▶ _Task details_:
Return exactly the lines from the one containing "Zapatillas Nike Dunk Low Naranja y Blanca" through the end of the material below, and leave the images out.

▶ _Dataset extract_:

------------------------------------------------------------------------

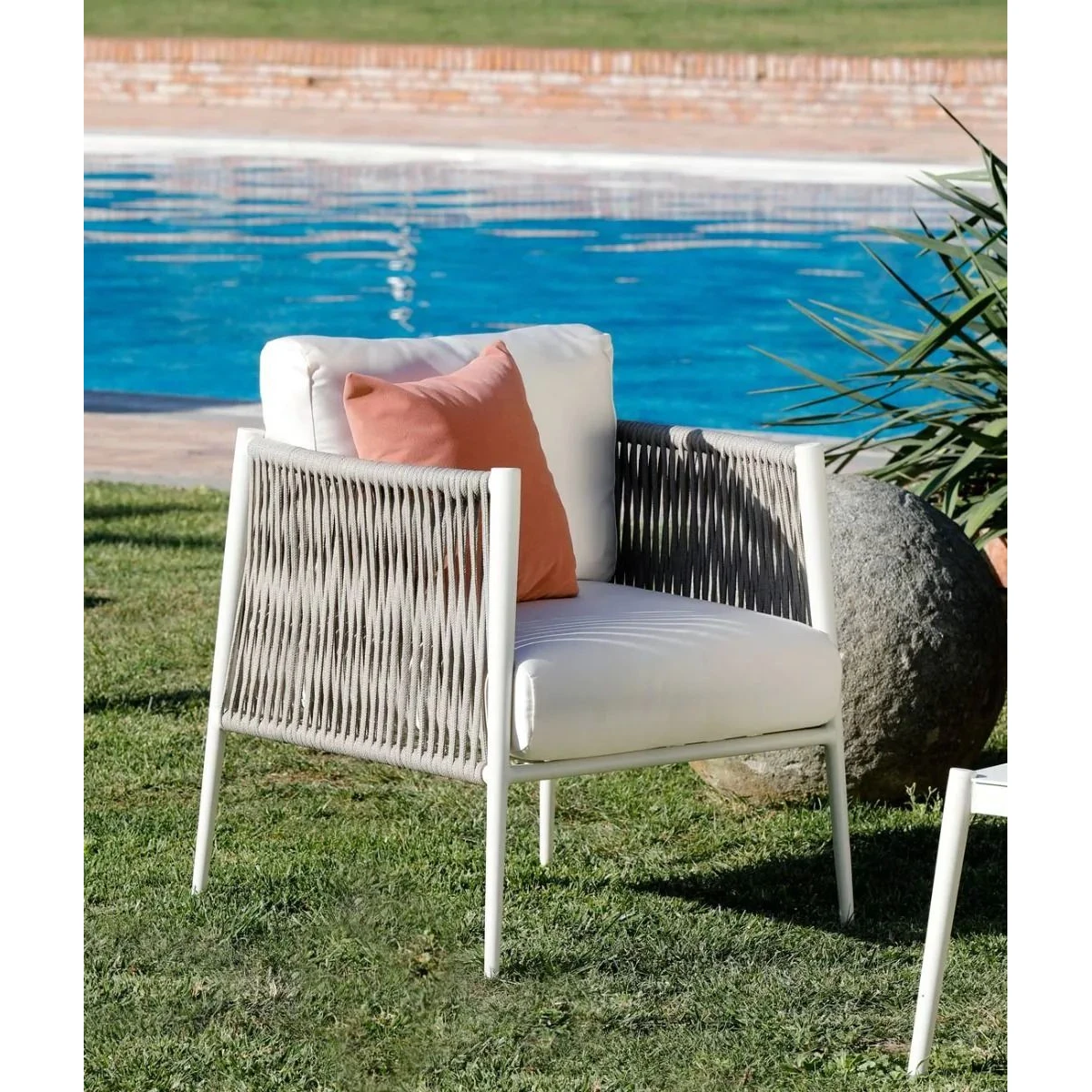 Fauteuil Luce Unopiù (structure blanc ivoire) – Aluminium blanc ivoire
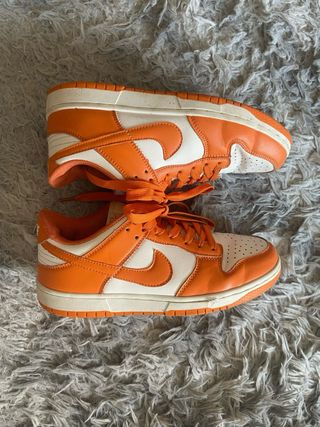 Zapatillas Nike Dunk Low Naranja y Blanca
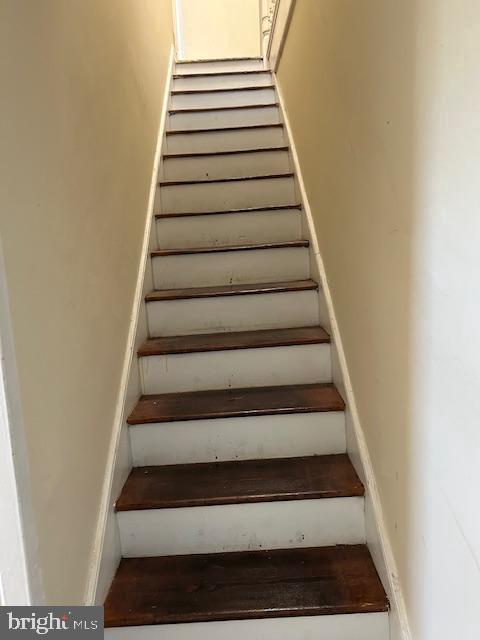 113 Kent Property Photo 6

------------------------------------------------------------------------

▶ _Output of the exercise_:
 Zapatillas Nike Dunk Low Naranja y Blanca
 113 Kent Property Photo 6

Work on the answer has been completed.